ABOUT THIS EXERCISE
Up to and including the line that contains "Building Photo - Newer", reproduce every line exactly, beginning with the first line below.

AVAILABLE DATA
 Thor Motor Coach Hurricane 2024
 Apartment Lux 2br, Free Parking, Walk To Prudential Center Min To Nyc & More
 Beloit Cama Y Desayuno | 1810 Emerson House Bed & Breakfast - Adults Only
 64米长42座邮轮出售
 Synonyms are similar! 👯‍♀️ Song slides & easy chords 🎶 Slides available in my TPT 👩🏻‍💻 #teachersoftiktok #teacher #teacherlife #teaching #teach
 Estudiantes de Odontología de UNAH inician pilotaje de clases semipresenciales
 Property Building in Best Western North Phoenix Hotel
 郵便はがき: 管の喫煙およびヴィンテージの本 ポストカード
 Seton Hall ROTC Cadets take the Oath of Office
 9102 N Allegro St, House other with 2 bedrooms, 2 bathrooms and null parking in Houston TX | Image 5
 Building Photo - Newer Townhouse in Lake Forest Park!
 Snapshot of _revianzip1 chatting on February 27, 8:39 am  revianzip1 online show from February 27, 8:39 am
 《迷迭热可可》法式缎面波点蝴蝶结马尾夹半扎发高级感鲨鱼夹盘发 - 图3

EXERCISE ANSWER
 Thor Motor Coach Hurricane 2024
 Apartment Lux 2br, Free Parking, Walk To Prudential Center Min To Nyc & More
 Beloit Cama Y Desayuno | 1810 Emerson House Bed & Breakfast - Adults Only
 64米长42座邮轮出售
 Synonyms are similar! 👯‍♀️ Song slides & easy chords 🎶 Slides available in my TPT 👩🏻‍💻 #teachersoftiktok #teacher #teacherlife #teaching #teach
 Estudiantes de Odontología de UNAH inician pilotaje de clases semipresenciales
 Property Building in Best Western North Phoenix Hotel
 郵便はがき: 管の喫煙およびヴィンテージの本 ポストカード
 Seton Hall ROTC Cadets take the Oath of Office
 9102 N Allegro St, House other with 2 bedrooms, 2 bathrooms and null parking in Houston TX | Image 5
 Building Photo - Newer Townhouse in Lake Forest Park!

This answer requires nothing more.